DATA section start

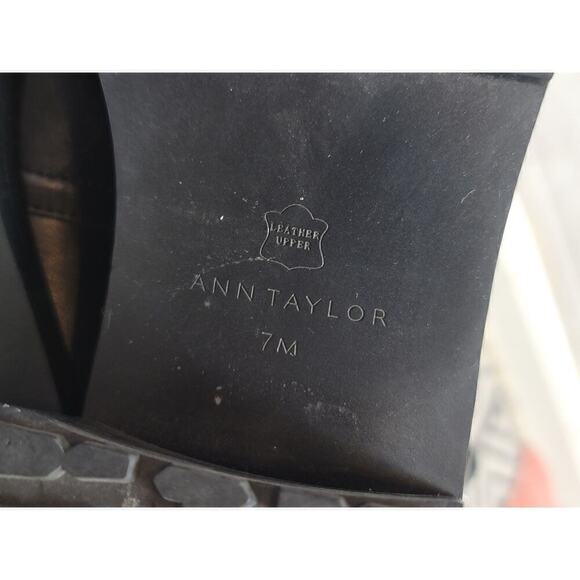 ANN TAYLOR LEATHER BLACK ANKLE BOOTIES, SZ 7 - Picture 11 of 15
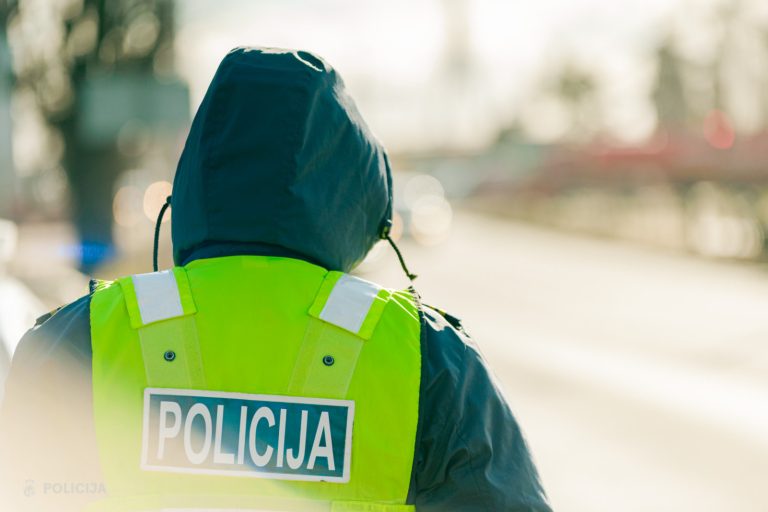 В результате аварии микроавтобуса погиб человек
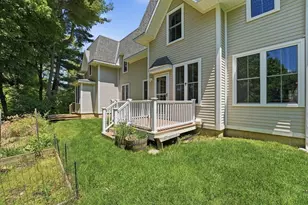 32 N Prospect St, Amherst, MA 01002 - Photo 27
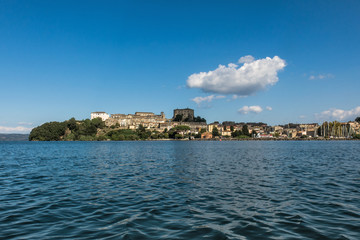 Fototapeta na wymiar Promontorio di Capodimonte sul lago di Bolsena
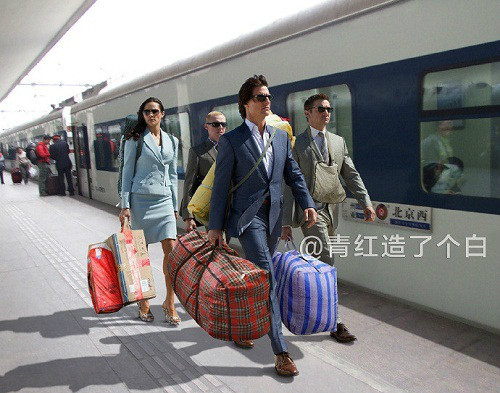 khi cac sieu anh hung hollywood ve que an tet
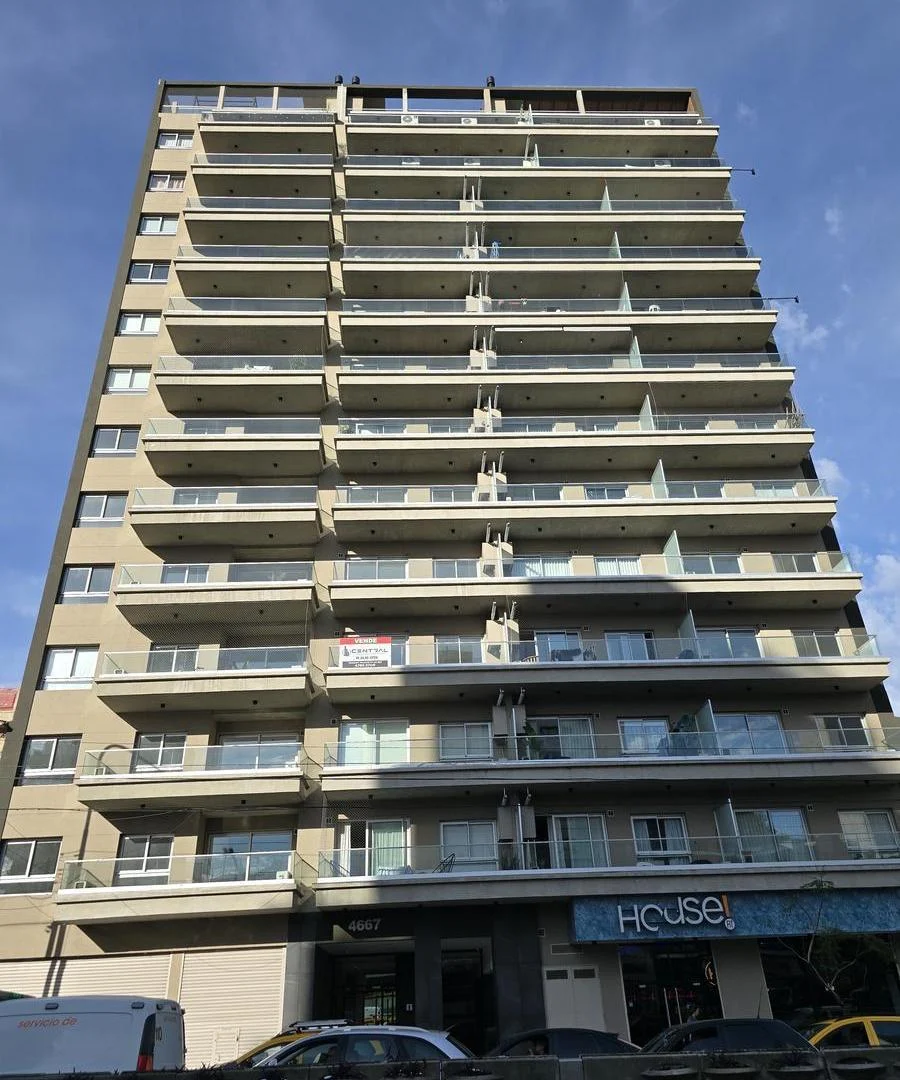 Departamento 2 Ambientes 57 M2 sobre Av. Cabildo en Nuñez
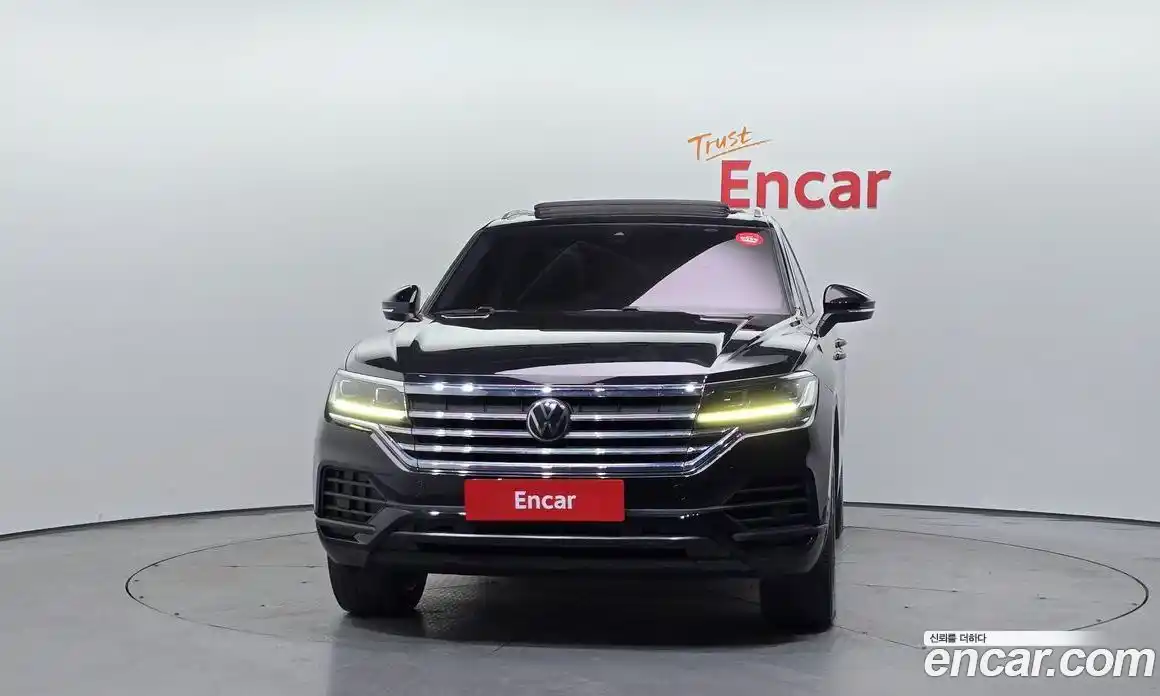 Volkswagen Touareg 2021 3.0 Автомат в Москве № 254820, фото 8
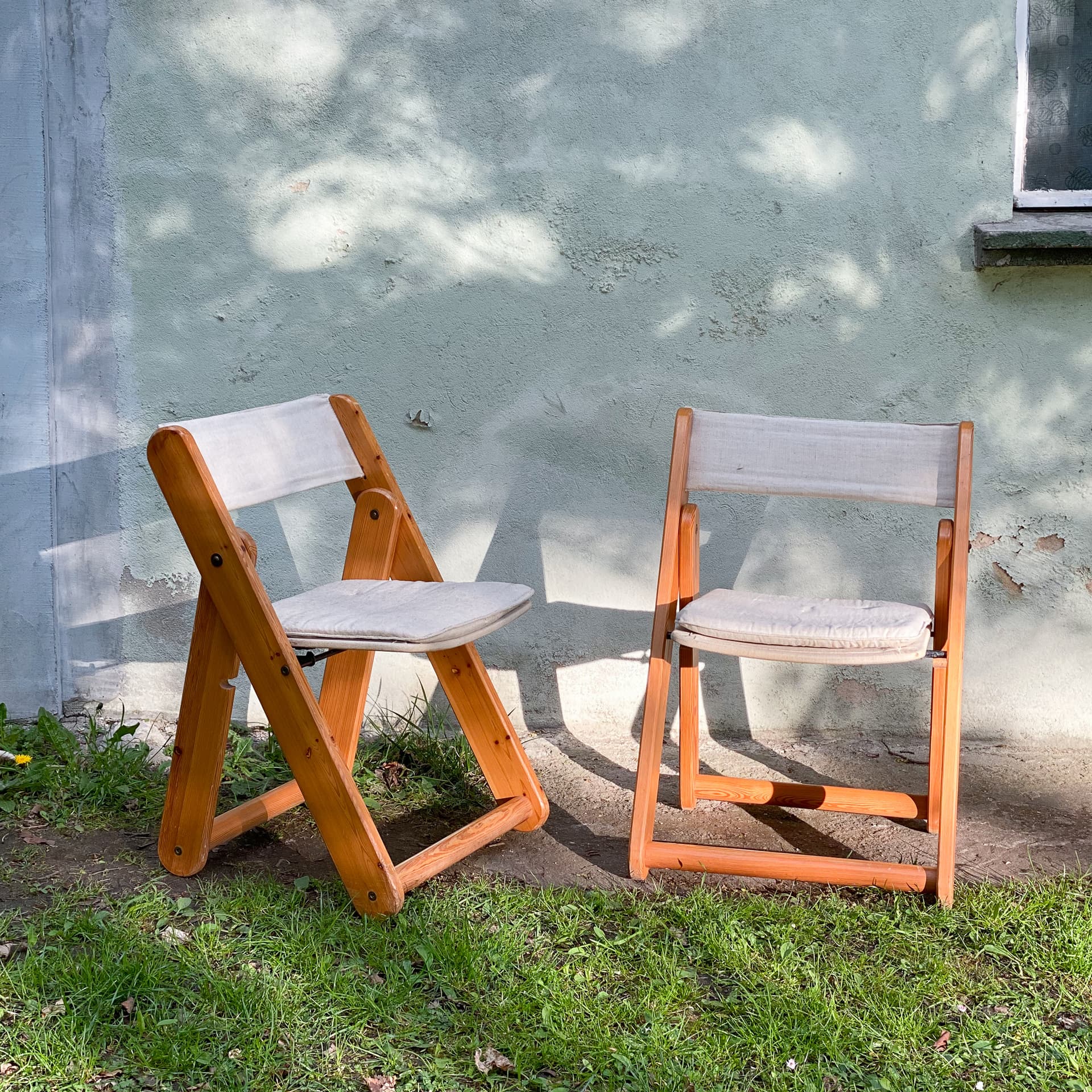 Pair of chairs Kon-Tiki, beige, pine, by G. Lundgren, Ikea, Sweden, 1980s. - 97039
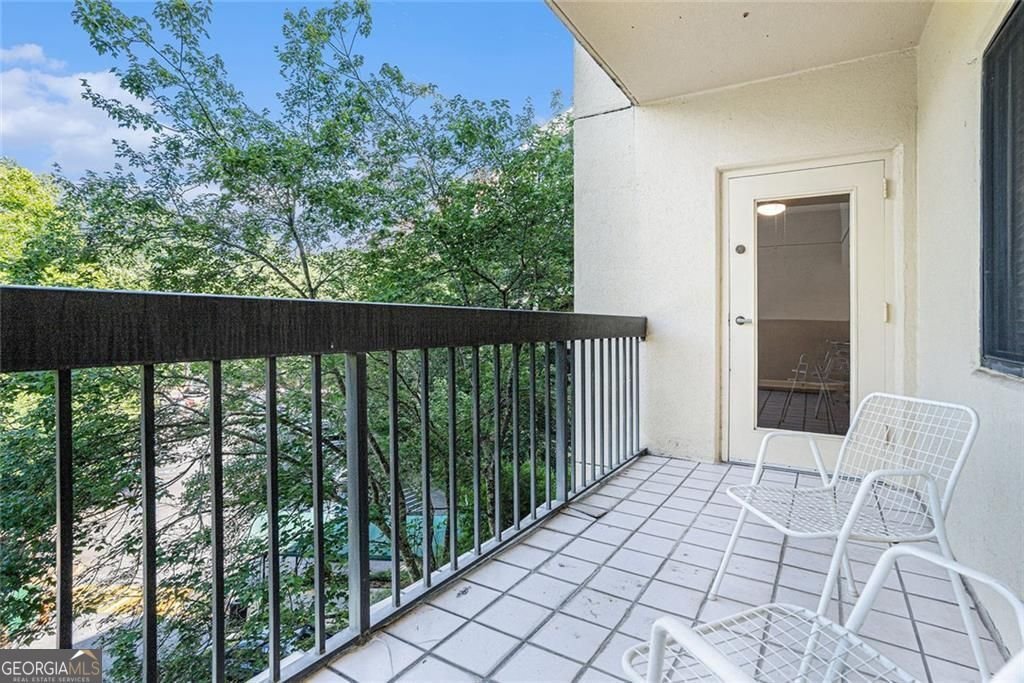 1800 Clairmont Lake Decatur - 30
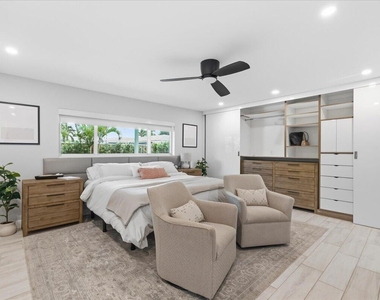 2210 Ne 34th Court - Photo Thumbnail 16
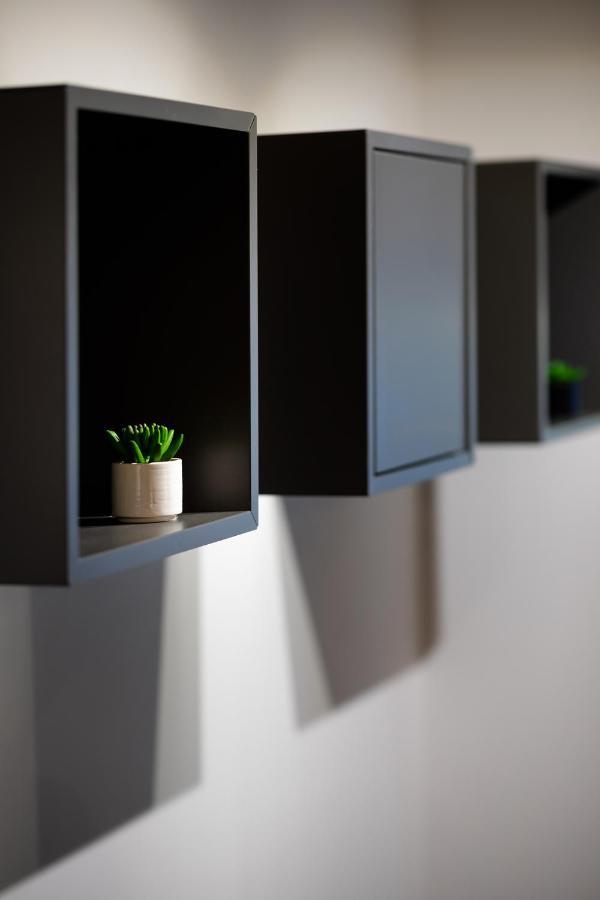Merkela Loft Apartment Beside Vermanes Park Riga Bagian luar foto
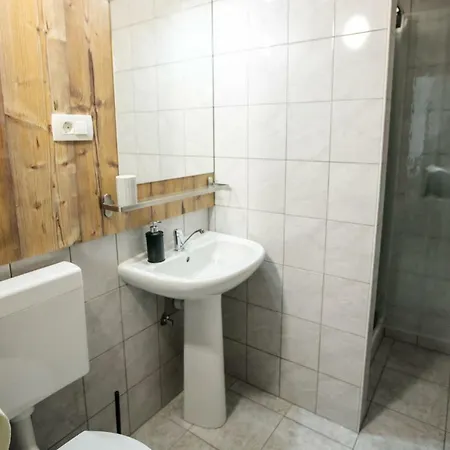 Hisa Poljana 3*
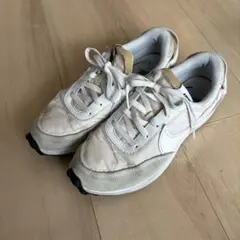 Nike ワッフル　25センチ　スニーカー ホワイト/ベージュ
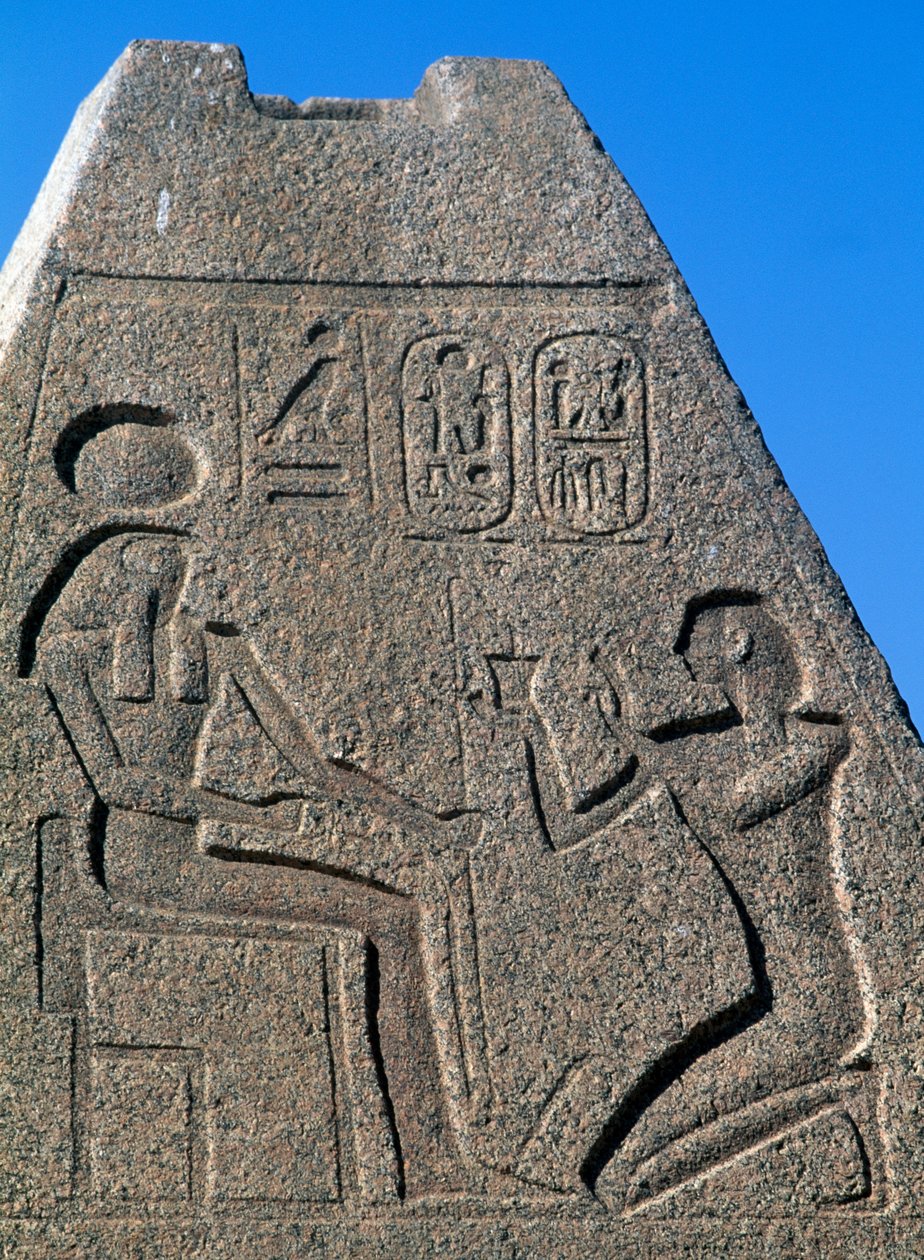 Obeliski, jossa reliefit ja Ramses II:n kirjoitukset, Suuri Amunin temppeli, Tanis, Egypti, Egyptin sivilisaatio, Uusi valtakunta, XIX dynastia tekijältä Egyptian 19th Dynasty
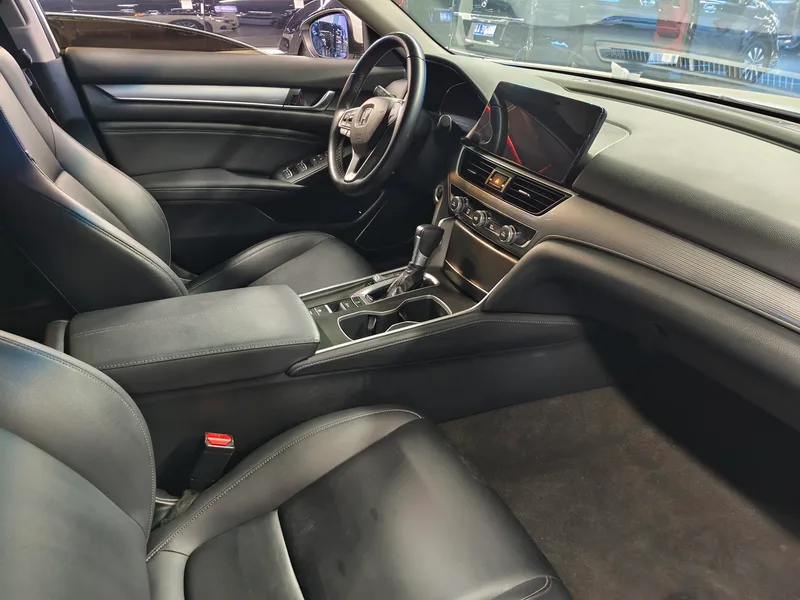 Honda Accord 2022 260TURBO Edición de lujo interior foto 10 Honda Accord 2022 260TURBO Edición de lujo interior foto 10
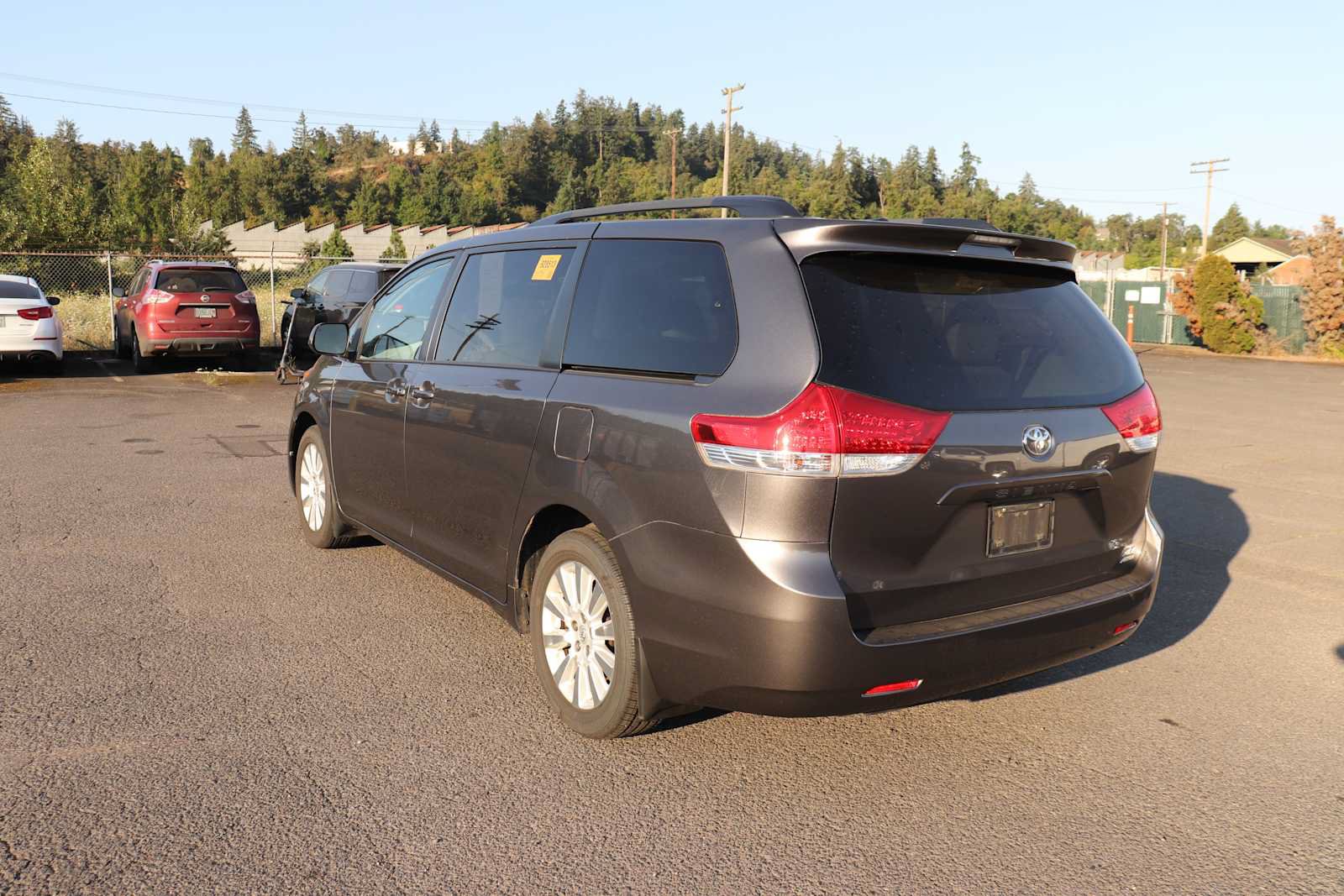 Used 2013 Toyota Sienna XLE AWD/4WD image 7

DATA section end

**WORK ITEM:** Only the lines from the top of the data through the line with "Fototapeta na wymiar" should be quoted, exactly and with both ends kept; skip the pictures.

**SOLUTION TO THE EXERCISE:**
 ANN TAYLOR LEATHER BLACK ANKLE BOOTIES, SZ 7 - Picture 11 of 15
 В результате аварии микроавтобуса погиб человек
 32 N Prospect St, Amherst, MA 01002 - Photo 27
 Fototapeta na wymiar Promontorio di Capodimonte sul lago di Bolsena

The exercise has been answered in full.